Quote from bali_survivor:
To me it proves that there is something fundamentally wrong with your acceptance testing procedures.
( and the rate that you are pushing out "upgrades" was already indicative that this was more than likely )
While downtime is clearly not acceptable, it's not reasonable to draw conclusions about IB's quality assurance in this way. Looking from the outside it's just not possible to know the source of the problem. It could lie in so many different areas.
Running high availabitily systems is a lot more difficult than people realise. In particular, automatic failovers are difficult because there can be failure modes not forseen in the system design.

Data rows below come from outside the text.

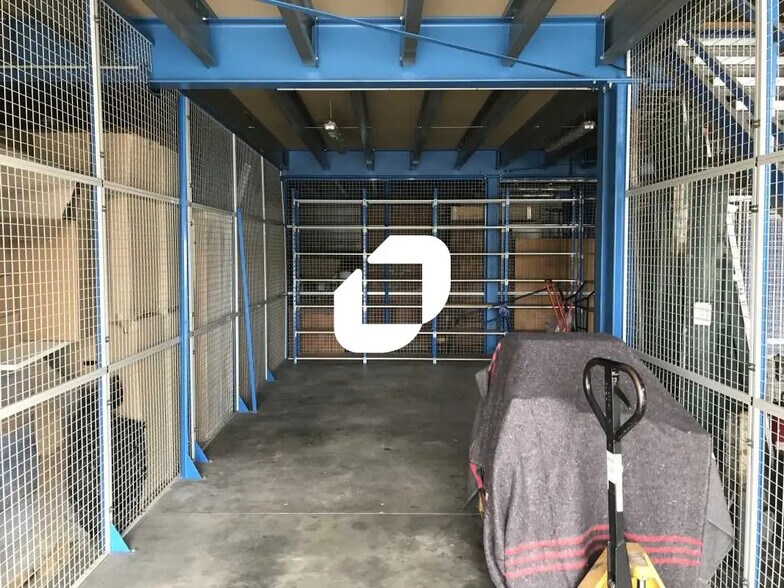 Local d’activités dans SAINT-OUEN-L'AUMONE à louer - Photo intérieure – Image 1 sur 3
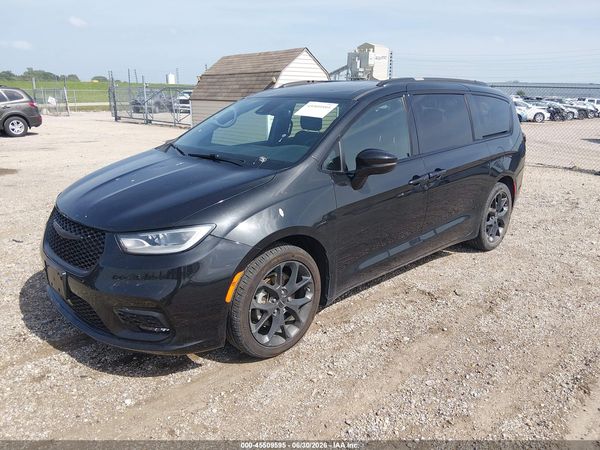 2023 CHRYSLER PACIFICA TOURING L — I2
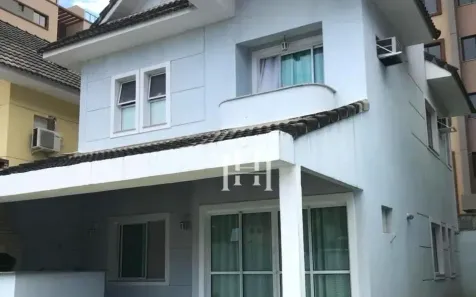 Casa de Condomínio com 5 Quartos à venda, 200m² no Recreio dos Bandeirantes, Rio de Janeiro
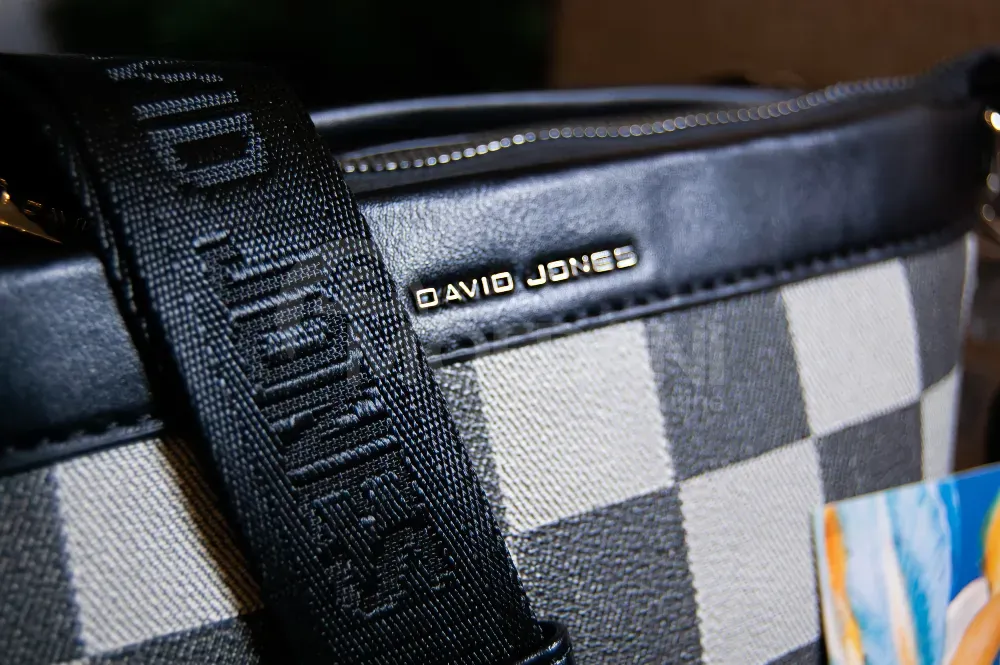 Სასაჩუქრე ნაკრები დევიდ ჯონსის ქალის ჩანთით და პარფიუმერიული შამპუნით сумка подарочный набор Тбилиси - изображение 3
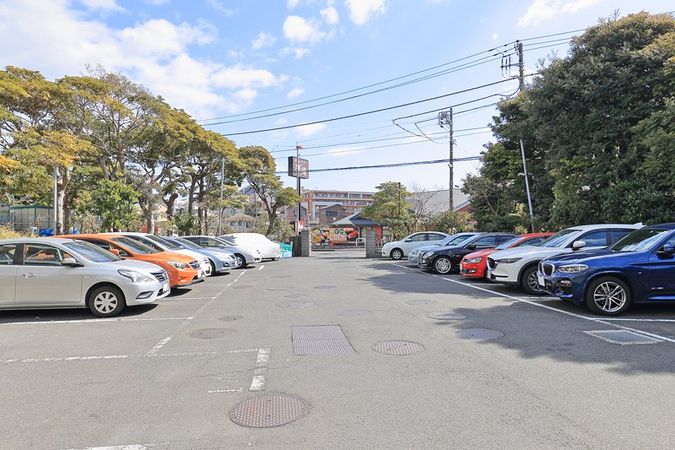 葉山エコーハイツ 駐車場 葉山エコーハイツ 駐車場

No matter how much testing happens in a test environment, there can always be something different in a production environment that screws thing up.
As an example, I worked on a system for a large telco that was prepared to spend the money to have 24x7. Everything was dualed with automatic failover, striped and mirrored disk arrays, hot swappable disks, dual lans, dual redundant power supplies for everything. Failover well tested. It went down for a day because one of the disk power supplies caught fire - there was *smoke and flames*. Of course the whole thing had to be shut down. It could not resonably be said to have been anyones fault or due to incompetance or negligence.
So while IB's customers have every right to demand reliable operation, drawing conclusions about IB's development and operational practices is not really justified because none of us know the facts.
I think in the interest of better customer relations, IB should be providing a more detailed account of what went wrong, and what actions are in place to ensure it doesn't happen again.
Incidently I have had no problems with IB today, though last friday there were some issues,.